Skip to content

Audio inputs

Accepted formats

Voice AI accepts:

  • WAV (PCM, 16-bit, mono or stereo)
  • MP3 (CBR or VBR, any bitrate from 64 kbps and up)
  • M4A (AAC-LC)
  • FLAC

Other formats return 415 Unsupported Media Type from the gateway. Convert with ffmpeg if needed:

Terminal window
ffmpeg -i input.ogg -ar 16000 -ac 1 output.wav

Sample rates

APIMinimumRecommendedNotes
Speech-to-Text8 kHz16 kHzAudio above 16 kHz is downsampled.
Streaming Speech-to-Text8 kHz16 kHzMust be declared in the config frame.
Voice Clone16 kHz24 kHzHigher rates produce better clones.
Voice Designn/an/aNo audio input.
Text-to-Speech output16 kHz24 kHzConfigurable per request.

File size limits

EndpointMax uploadMax duration
/ai/speech-to-text100 MB2 hours
/ai/transcriptions100 MB2 hours
/ai/voice-clone5 MB60 seconds
/ai/speech-translation100 MB2 hours

Files above the upload limit return 413 Payload Too Large. For longer audio, segment client-side or use the streaming endpoint.
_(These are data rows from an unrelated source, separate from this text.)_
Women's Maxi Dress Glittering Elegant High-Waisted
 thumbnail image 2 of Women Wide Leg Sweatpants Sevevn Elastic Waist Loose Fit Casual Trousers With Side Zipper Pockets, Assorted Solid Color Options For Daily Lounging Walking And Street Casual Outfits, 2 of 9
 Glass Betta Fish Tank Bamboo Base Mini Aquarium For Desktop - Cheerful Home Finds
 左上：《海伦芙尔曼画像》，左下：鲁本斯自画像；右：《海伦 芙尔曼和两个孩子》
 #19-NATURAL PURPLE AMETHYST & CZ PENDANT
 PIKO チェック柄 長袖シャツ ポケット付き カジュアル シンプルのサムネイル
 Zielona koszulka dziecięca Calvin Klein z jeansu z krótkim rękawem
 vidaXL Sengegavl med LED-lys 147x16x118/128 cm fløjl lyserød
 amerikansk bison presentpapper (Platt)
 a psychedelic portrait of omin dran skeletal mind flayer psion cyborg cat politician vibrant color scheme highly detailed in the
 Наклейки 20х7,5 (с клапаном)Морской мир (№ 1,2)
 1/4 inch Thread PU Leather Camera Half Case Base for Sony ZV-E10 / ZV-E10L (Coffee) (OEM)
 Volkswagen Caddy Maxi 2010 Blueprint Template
Recommendations for cloning samples

  • 10 to 30 seconds of clean speech is the sweet spot. Longer samples do not improve quality.
  • Single speaker. Multi-speaker samples produce mixed clones.
  • Quiet environment. Ambient noise above the speech floor degrades the clone.
  • Natural prosody. A varied sentence is better than a monotone reading.
  • Consistent microphone. Avoid switching mics partway through the sample.